## WORK INSTRUCTIONS
Leave out the pictures and print precisely the lines from the line with "Front brake caliper – left" to the final line of the entries, both ends included.

(Scraped caption text data)
════════════════════
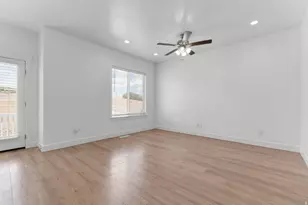 16042 S Bodmin Way, Bluffdale, UT 84065 - Photo 9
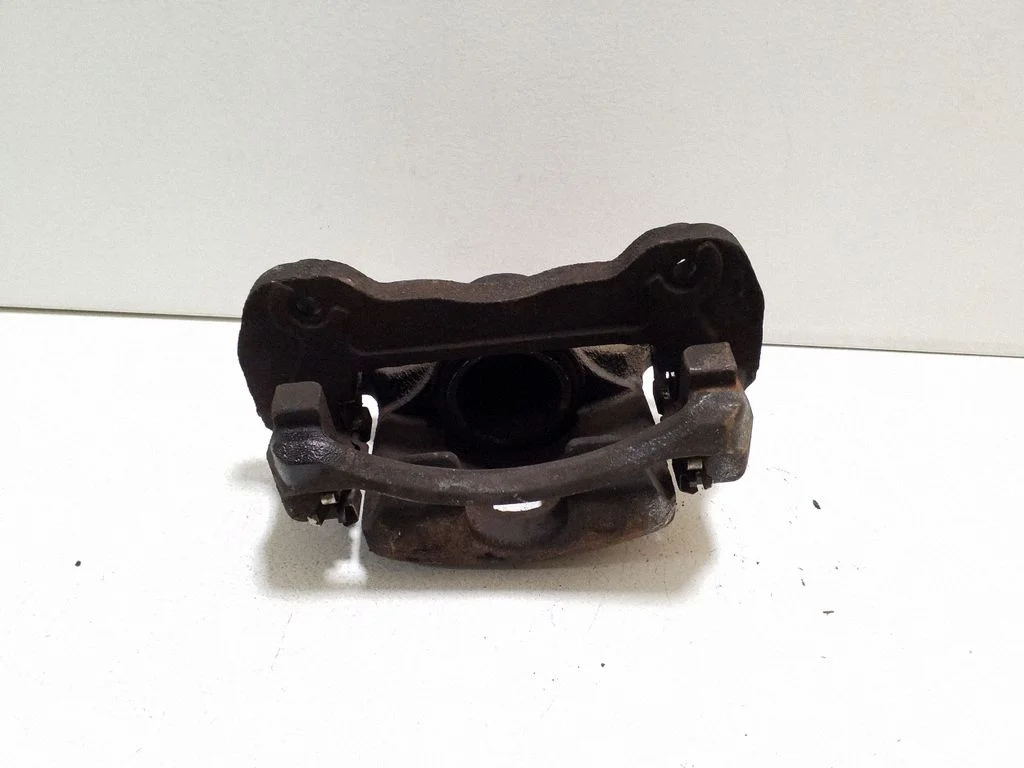 Front brake caliper – left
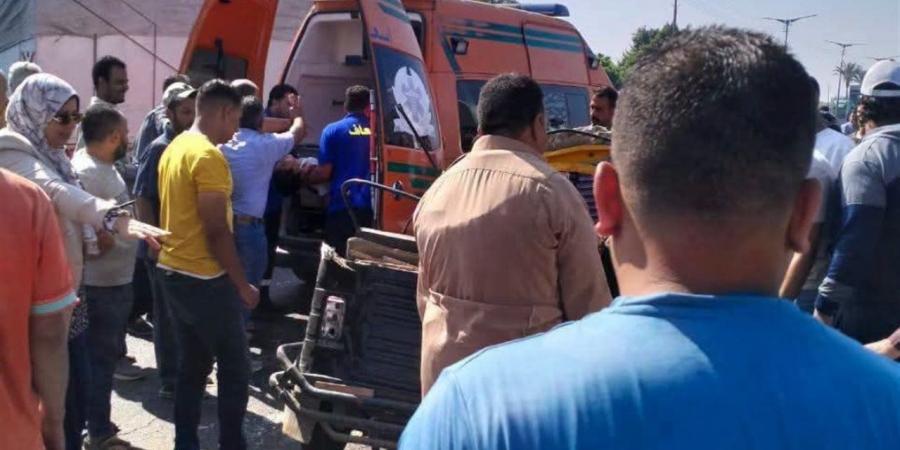 مصرع أم ونجليها وإصابة طفلتين في حادث مروع بقويسنا - أقرأ 24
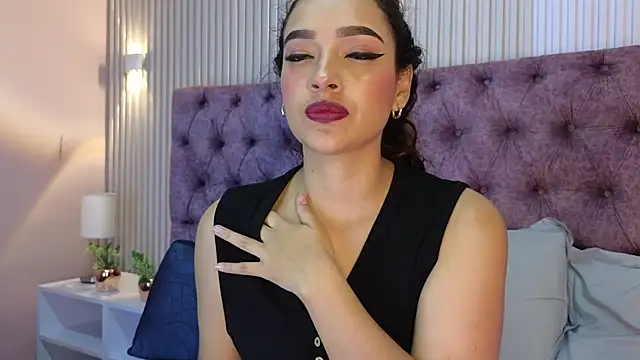 EMILYY FOXY online show from 10/20/25, 07:58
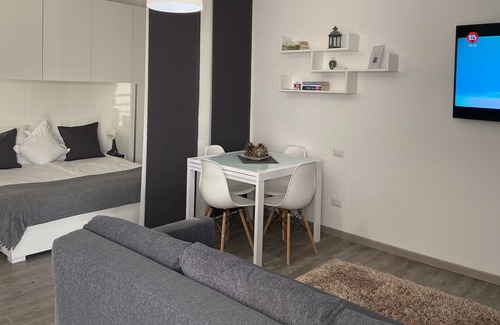Quarto Cagnino Apartamento | "San Siro's Lights"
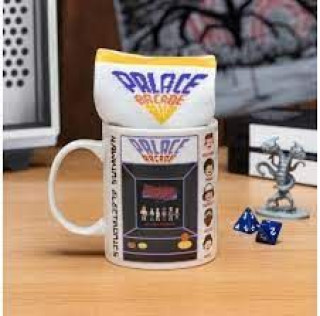 Set Paladone Mug And Socks - Stranger Things - Palace Arcade 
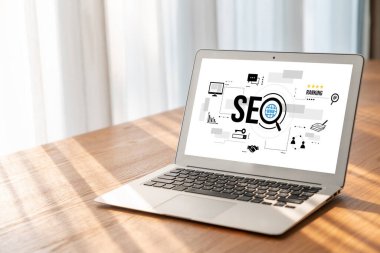 Model e-ticaret için SEO arama motoru optimizasyonu ve bilgisayar ekranında gösterilen çevrimiçi perakende işi
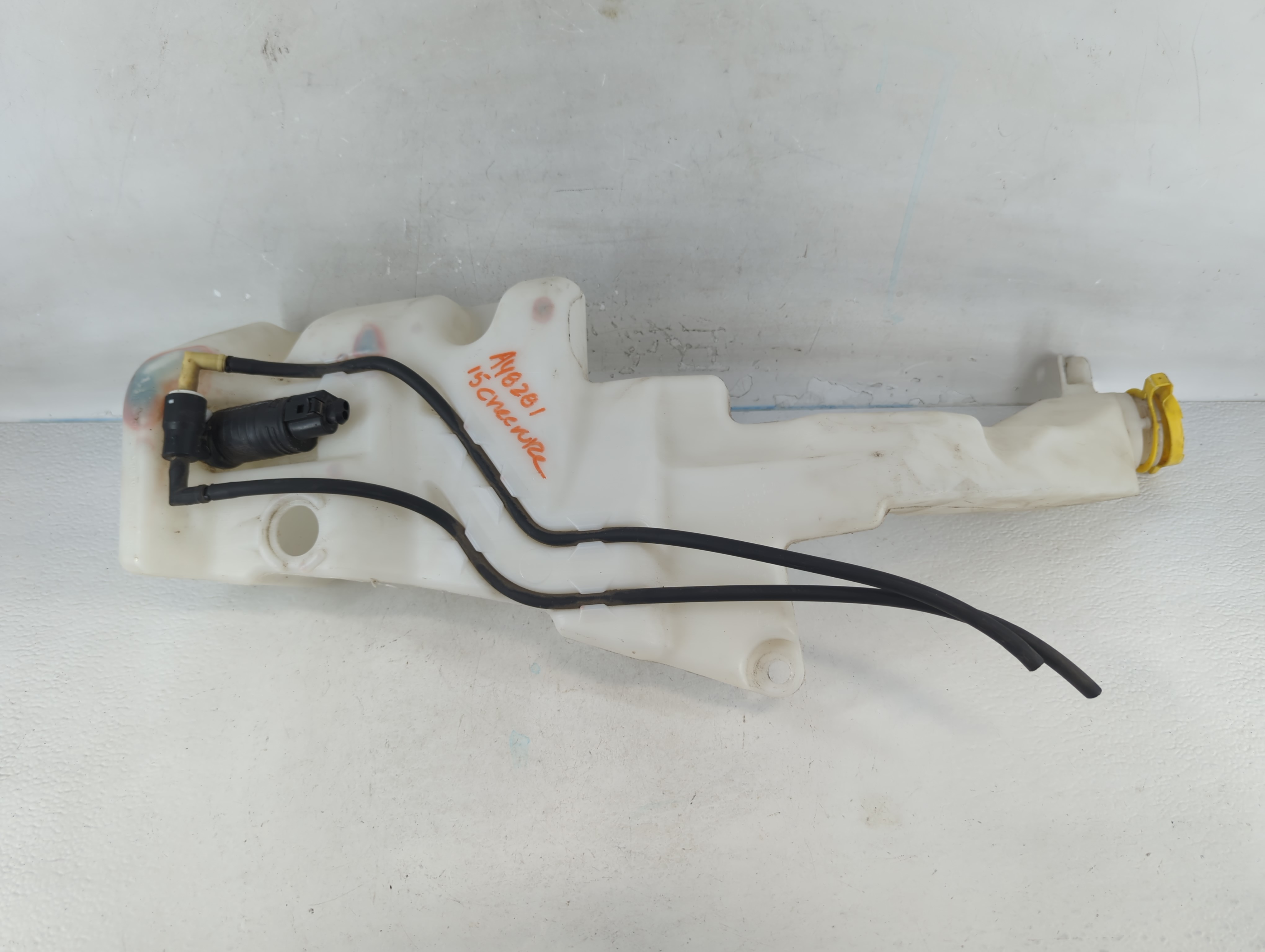 2014-2018 Jeep Cherokee Windshield Washer Fluid Reservoir Bottle Oem 817463 - Oemusedautoparts1.com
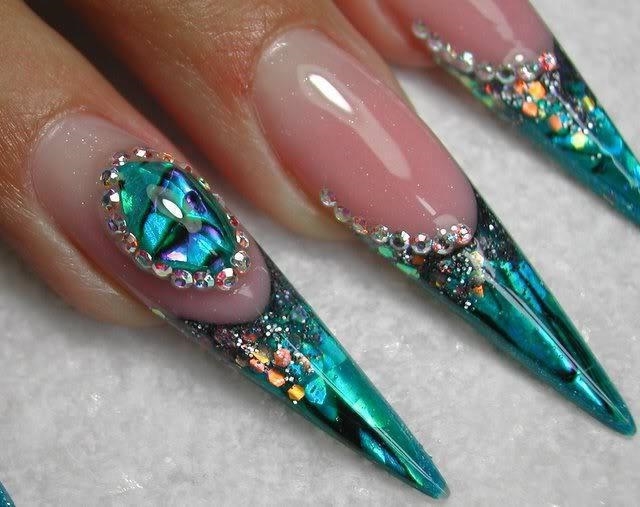 Дизайн ногтей стилетов в стиле френч с голубым кончиком и жидкими мерцающими камнями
════════════════════
## TASK RESULT
 Front brake caliper – left
 مصرع أم ونجليها وإصابة طفلتين في حادث مروع بقويسنا - أقرأ 24
 EMILYY FOXY online show from 10/20/25, 07:58
Quarto Cagnino Apartamento | "San Siro's Lights"
 Set Paladone Mug And Socks - Stranger Things - Palace Arcade 
 Model e-ticaret için SEO arama motoru optimizasyonu ve bilgisayar ekranında gösterilen çevrimiçi perakende işi
 2014-2018 Jeep Cherokee Windshield Washer Fluid Reservoir Bottle Oem 817463 - Oemusedautoparts1.com
 Дизайн ногтей стилетов в стиле френч с голубым кончиком и жидкими мерцающими камнями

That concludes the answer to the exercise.